Problem to solve:
Would you reproduce the data below exactly, please, leaving out its images?

Information supplied:
****************************************

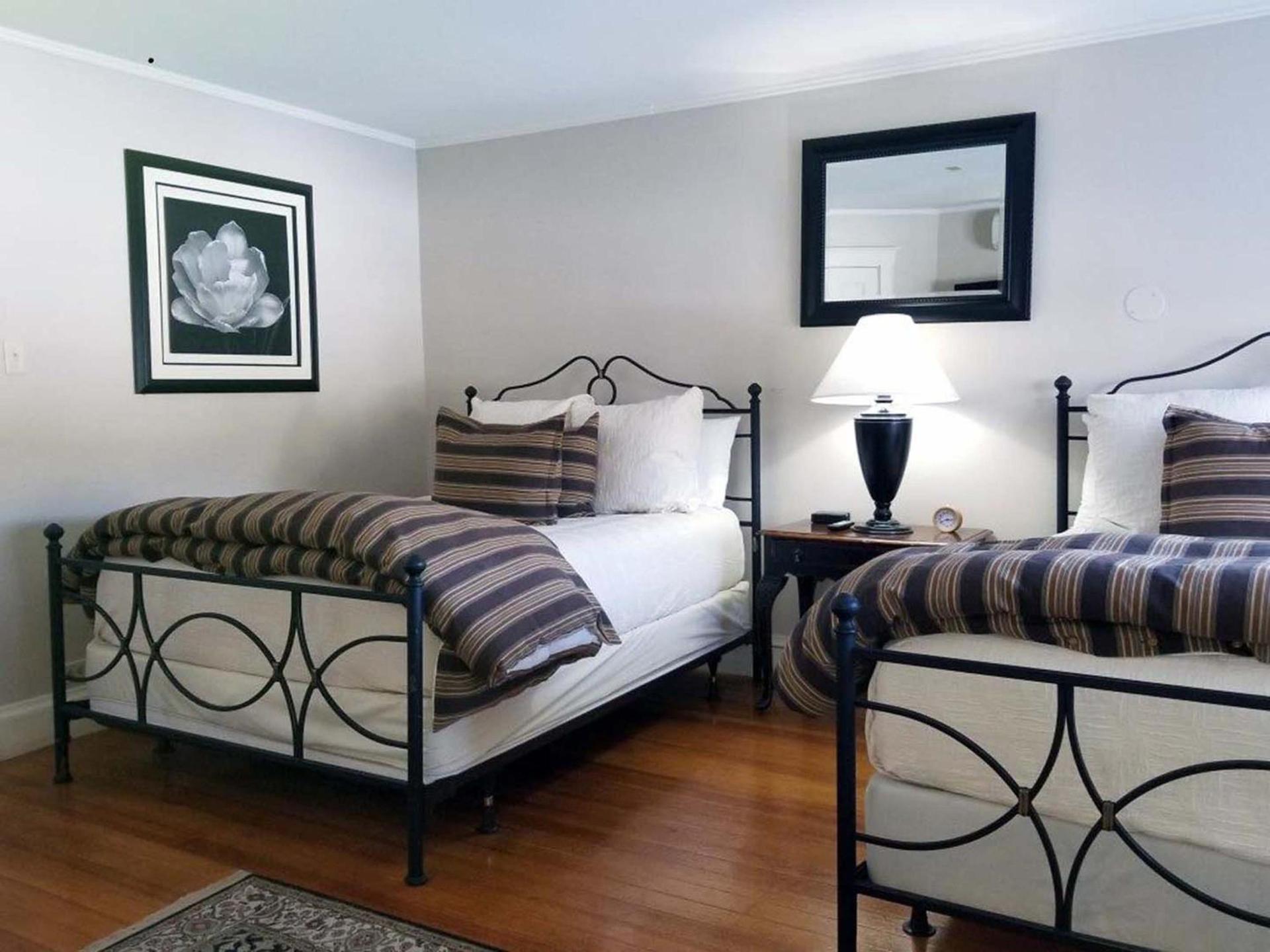 The White House Inn photo 8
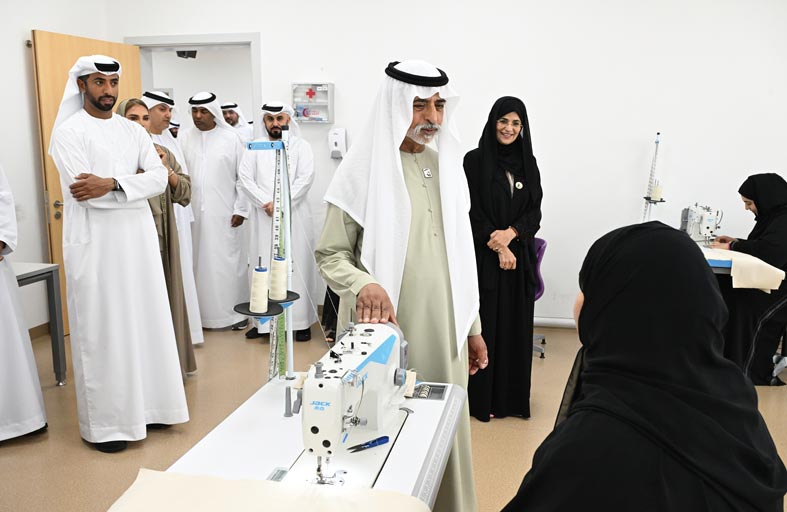 نهيان بن مبارك يزور مركز الابتكار التابع لمؤسسة زايد العليا لأصحاب الهمم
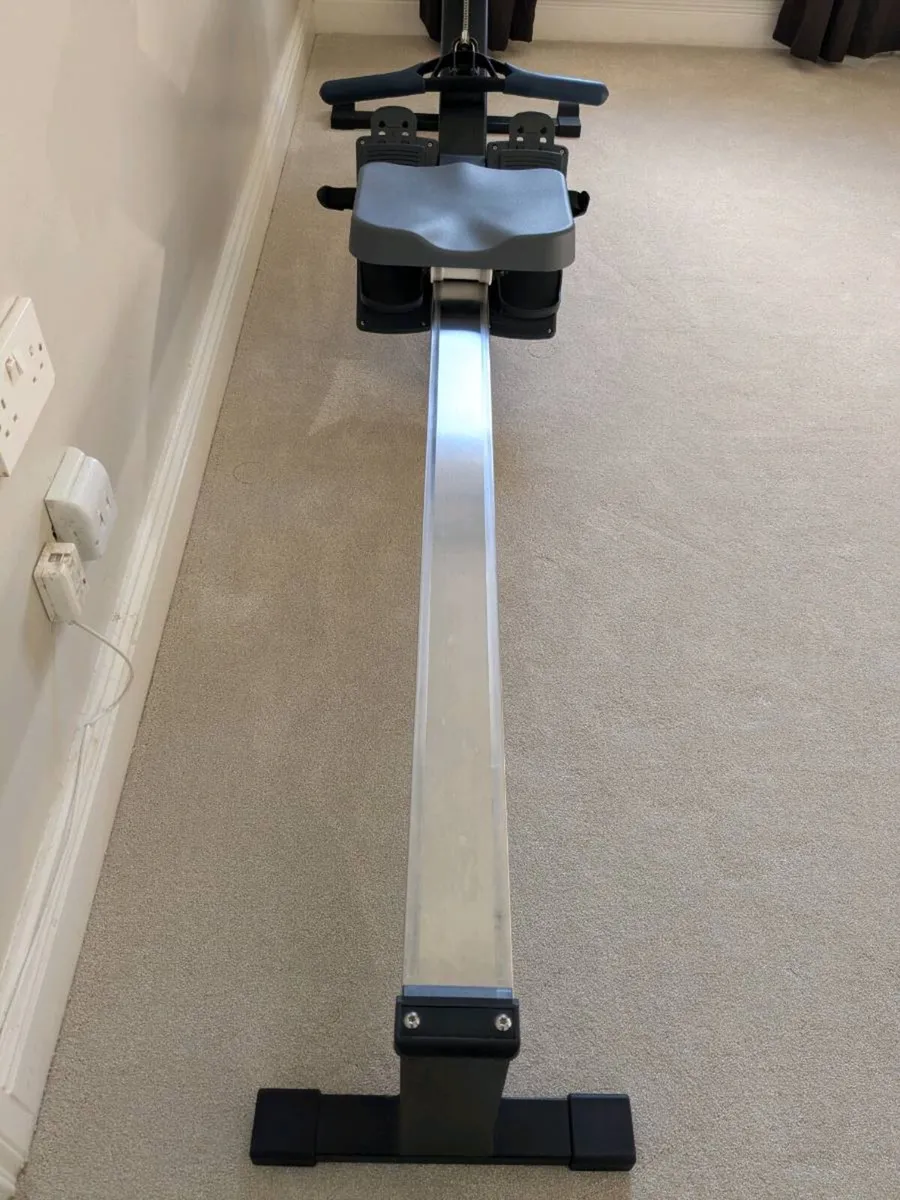 Concept 2 rowing machine - Image 3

****************************************

Solution for this problem:
 The White House Inn photo 8
 نهيان بن مبارك يزور مركز الابتكار التابع لمؤسسة زايد العليا لأصحاب الهمم
 Concept 2 rowing machine - Image 3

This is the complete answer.